8

Since array.find() iterates over an array, if I handle (potentially) large arrays, I always make sure to have an indexed object like so:

{ [id:string]: Item }

if I need to look up items by id in these arrays.

However, living in a time of V8 (and comparable engine optimisations for Safari and Firefox), I'm wondering if maybe under the hood, a simple array.find() is already optimized for it? Or will optimize for it (create such an indexed object) at runtime as soon as it has to perform this operation once?

Is it true that modern browsers already have some kind of optimization for O(N) type algorithms that could become O(1) with the proper implementation? Or am I thinking too much of what these browsers actually can / will do under the hood?

E_net4
  • 27,810
  • 13
  • 101
  • 139
Sventies
  • 2,314
  • 1
  • 28
  • 44
  • 2
    The optimisations that modern JS engines do don't "reduce complexity" as that is not quite possible. Take the phone book and jumble all the pages. Then find a specific number. How do you optimise that task to find your target immediately without going through pages one at a time? Not really possible. V8 might optimise *repeat* searches - it might, for example, not check the first 10 pages thoroughly for names starting with "B" because those pages are later on. If you want to see if something is slow or not *for your use case*, then read https://ericlippert.com/2012/12/17/performance-rant/ – VLAZ Feb 03 '22 at 15:51
  • You're thinking too much of what the browsers will do under the hood. If you know you're going to be looking things up by id, use an object indexed by id. Guaranteed O(1) rather than depending on a particular implementation of `find`... – Heretic Monkey Feb 03 '22 at 15:51
  • The spec says the method should loop through all elements until it found one. https://tc39.es/ecma262/multipage/indexed-collections.html#sec-array.prototype.find – Luca Kiebel Feb 03 '22 at 15:52
  • 1
    If you keep "index" of (supposedly) unique (?) keys pointing at array items ("for faster lookup"), wouldn't make sense to use Map instead? – myf Feb 03 '22 at 15:54
  • 1
    @luca yeah, but unless no observable side effect is specified, as long as the result is correct the engine might still do something which is not specified under the hood (e.g. an addition is not necessarily an addition, intermediate values are not necessarily calculated ...) – Jonas Wilms Feb 03 '22 at 21:18

1 Answers1

23

V8 developer here. The time complexity of Array.prototype.find is O(n) (with n being the array's length), and it's fair to assume that it will remain that way.

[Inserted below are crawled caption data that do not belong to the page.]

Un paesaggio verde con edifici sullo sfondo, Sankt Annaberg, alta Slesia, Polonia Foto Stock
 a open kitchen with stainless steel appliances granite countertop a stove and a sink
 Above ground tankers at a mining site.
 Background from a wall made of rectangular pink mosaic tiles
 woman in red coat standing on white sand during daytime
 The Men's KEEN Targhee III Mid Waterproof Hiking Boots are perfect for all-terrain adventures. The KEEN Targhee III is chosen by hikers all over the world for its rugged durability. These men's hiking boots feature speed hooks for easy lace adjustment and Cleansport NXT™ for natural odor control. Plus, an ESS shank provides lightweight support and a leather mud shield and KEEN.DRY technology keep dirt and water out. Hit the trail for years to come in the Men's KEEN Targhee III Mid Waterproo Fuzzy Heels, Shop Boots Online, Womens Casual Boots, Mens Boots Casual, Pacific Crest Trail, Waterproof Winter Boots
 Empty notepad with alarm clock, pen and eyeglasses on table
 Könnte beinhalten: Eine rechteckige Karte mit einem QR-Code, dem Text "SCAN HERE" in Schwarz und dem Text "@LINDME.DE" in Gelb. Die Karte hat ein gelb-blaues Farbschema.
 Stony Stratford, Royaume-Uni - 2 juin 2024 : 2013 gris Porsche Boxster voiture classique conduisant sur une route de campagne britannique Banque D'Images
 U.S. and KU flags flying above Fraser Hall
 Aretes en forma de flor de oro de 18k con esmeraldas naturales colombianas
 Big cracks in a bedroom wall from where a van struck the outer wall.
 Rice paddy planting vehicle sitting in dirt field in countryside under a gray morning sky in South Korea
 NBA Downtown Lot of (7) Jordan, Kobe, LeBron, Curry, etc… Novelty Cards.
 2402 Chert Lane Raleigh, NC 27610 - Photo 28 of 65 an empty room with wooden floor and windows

Generally speaking, it's often impossible for engines to improve the complexity class of an operation. In case of Array.prototype.find, the predicate function you pass might well care how often it gets called:

[1, 2, 3].find((value, index, object) => {
  console.log(`Checking ${value}...`);  // Or any other side effect.
  return value === 42;
});

In such a case, the engine has no choice but to iterate over the entire array in exactly the right order, because anything else would observably break your program's behavior.

In theory, since JS engines can do dynamic optimizations, they could inspect the predicate function, and if it has no side effects, they could use it to build up some sort of index/cache. Aside from the difficulty of building such a system that works for arbitrary predicates, this technique even when it does work would only speed up repeated searches of the same array with the same function, at the cost of wasting time and memory if this exact same scenario will not occur again. It seems unlikely that an engine can ever make this prediction with sufficient confidence to justify investing this time and memory.

As a rule of thumb: when operating on large data sets, choosing efficient algorithms and data structures is worth it. Typically far more worth it than the micro-optimizations we're seeing so much in SO questions :-)

A highly optimized/optimizing engine may be able to make your O(n) code somewhere between 10% and 10x as fast as it would otherwise be. By switching to an O(log n) or O(1) solution on your end, you can speed it up by orders of magnitude. That's often accomplished by doing something that engines can't possibly do. For example, you can keep your array sorted and then use binary search over it -- that's something an engine can't do for you automatically because obviously it's not allowed to reorder your array's contents without your approval. And as @myf already points out in a comment: if you want to access things by a unique key, then using a Map will probably work better than using an Array.

That said, simple solutions tend to scale better than we intuitively assume; the standard warning against premature optimizations applies here just as everywhere else. Linearly searching through arrays is often just fine, you don't need a (hash) map just because you have more than three items in it. When in doubt, profile your app to find out where the performance bottlenecks are.

jmrk
  • 34,271
  • 7
  • 59
  • 74